Exercise brief: Look through the listing below and write out exactly the lines from the line with "Used 2013 Toyota RAV4 XLE AWD/4WD image 15" to the line with "Photo 24 of", both included, and no others.

Given data:
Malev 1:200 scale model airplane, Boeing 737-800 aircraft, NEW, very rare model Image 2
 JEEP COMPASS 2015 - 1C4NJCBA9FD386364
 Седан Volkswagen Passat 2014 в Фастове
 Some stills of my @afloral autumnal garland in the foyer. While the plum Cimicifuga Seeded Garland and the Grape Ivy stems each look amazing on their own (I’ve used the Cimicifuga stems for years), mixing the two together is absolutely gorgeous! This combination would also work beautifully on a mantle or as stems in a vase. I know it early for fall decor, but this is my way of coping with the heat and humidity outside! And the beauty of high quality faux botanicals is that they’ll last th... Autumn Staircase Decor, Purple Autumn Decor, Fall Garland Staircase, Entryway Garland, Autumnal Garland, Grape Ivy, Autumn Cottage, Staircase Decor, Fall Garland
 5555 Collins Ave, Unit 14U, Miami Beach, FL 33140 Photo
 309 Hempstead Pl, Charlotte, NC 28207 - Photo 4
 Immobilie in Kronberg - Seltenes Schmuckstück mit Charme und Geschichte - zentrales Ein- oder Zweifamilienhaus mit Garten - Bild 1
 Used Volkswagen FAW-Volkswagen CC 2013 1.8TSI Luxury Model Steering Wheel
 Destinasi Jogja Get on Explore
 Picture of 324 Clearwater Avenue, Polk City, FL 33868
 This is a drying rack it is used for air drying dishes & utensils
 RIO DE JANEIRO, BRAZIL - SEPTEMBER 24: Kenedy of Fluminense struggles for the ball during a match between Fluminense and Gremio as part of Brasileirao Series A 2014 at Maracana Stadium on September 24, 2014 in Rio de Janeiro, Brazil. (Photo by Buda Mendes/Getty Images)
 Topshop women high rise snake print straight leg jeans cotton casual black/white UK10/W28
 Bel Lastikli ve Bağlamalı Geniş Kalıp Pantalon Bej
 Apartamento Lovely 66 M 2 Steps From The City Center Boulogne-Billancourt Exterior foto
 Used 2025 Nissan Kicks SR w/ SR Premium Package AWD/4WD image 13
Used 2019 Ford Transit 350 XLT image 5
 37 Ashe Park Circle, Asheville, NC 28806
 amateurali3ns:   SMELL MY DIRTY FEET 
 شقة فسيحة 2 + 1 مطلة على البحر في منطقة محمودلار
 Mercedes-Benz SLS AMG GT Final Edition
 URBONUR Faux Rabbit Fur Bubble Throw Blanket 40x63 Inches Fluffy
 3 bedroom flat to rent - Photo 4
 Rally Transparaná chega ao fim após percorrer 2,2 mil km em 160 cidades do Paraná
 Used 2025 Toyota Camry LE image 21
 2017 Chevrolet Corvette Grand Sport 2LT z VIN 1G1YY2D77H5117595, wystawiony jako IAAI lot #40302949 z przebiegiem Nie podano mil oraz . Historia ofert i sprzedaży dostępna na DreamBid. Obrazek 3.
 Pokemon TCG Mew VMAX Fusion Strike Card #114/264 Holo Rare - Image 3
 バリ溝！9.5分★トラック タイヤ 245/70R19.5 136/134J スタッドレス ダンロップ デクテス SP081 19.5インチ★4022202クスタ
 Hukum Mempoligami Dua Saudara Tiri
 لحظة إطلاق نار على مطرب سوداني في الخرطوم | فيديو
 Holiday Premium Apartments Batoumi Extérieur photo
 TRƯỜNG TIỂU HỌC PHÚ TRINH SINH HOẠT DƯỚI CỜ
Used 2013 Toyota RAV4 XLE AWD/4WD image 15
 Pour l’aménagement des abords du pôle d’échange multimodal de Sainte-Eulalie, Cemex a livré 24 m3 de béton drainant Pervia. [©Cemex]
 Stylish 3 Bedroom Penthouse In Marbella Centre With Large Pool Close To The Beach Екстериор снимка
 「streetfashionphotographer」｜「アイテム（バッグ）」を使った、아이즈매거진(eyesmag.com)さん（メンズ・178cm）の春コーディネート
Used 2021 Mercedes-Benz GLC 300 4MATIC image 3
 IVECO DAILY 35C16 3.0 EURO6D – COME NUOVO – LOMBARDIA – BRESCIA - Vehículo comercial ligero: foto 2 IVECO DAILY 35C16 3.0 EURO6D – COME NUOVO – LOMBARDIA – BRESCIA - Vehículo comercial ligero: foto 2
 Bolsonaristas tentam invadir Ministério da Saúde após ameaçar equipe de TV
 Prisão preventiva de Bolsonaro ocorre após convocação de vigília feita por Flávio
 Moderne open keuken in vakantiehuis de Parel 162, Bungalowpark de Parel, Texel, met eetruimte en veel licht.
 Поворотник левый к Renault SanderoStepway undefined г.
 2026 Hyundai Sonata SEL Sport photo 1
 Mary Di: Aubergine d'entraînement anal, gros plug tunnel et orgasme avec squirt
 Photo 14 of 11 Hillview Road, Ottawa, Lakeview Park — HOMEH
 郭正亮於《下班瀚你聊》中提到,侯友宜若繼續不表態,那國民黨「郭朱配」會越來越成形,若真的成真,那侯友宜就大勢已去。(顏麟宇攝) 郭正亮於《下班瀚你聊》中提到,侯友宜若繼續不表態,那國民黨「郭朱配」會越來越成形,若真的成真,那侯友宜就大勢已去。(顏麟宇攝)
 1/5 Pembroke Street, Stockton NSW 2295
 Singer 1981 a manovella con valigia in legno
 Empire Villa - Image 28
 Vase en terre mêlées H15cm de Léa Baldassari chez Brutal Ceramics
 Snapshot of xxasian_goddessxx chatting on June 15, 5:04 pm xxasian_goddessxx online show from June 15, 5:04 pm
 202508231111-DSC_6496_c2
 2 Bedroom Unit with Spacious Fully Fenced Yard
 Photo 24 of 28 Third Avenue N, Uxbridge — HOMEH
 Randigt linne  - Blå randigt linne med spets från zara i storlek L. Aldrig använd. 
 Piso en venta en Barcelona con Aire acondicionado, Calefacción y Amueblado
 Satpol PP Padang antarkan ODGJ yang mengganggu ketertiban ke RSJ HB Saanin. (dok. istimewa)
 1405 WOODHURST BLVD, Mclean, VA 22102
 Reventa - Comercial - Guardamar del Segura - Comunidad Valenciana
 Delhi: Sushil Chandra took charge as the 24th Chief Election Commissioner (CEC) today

Output of the task:
Used 2013 Toyota RAV4 XLE AWD/4WD image 15
 Pour l’aménagement des abords du pôle d’échange multimodal de Sainte-Eulalie, Cemex a livré 24 m3 de béton drainant Pervia. [©Cemex]
 Stylish 3 Bedroom Penthouse In Marbella Centre With Large Pool Close To The Beach Екстериор снимка
 「streetfashionphotographer」｜「アイテム（バッグ）」を使った、아이즈매거진(eyesmag.com)さん（メンズ・178cm）の春コーディネート
Used 2021 Mercedes-Benz GLC 300 4MATIC image 3
 IVECO DAILY 35C16 3.0 EURO6D – COME NUOVO – LOMBARDIA – BRESCIA - Vehículo comercial ligero: foto 2 IVECO DAILY 35C16 3.0 EURO6D – COME NUOVO – LOMBARDIA – BRESCIA - Vehículo comercial ligero: foto 2
 Bolsonaristas tentam invadir Ministério da Saúde após ameaçar equipe de TV
 Prisão preventiva de Bolsonaro ocorre após convocação de vigília feita por Flávio
 Moderne open keuken in vakantiehuis de Parel 162, Bungalowpark de Parel, Texel, met eetruimte en veel licht.
 Поворотник левый к Renault SanderoStepway undefined г.
 2026 Hyundai Sonata SEL Sport photo 1
 Mary Di: Aubergine d'entraînement anal, gros plug tunnel et orgasme avec squirt
 Photo 14 of 11 Hillview Road, Ottawa, Lakeview Park — HOMEH
 郭正亮於《下班瀚你聊》中提到,侯友宜若繼續不表態,那國民黨「郭朱配」會越來越成形,若真的成真,那侯友宜就大勢已去。(顏麟宇攝) 郭正亮於《下班瀚你聊》中提到,侯友宜若繼續不表態,那國民黨「郭朱配」會越來越成形,若真的成真,那侯友宜就大勢已去。(顏麟宇攝)
 1/5 Pembroke Street, Stockton NSW 2295
 Singer 1981 a manovella con valigia in legno
 Empire Villa - Image 28
 Vase en terre mêlées H15cm de Léa Baldassari chez Brutal Ceramics
 Snapshot of xxasian_goddessxx chatting on June 15, 5:04 pm xxasian_goddessxx online show from June 15, 5:04 pm
 202508231111-DSC_6496_c2
 2 Bedroom Unit with Spacious Fully Fenced Yard
 Photo 24 of 28 Third Avenue N, Uxbridge — HOMEH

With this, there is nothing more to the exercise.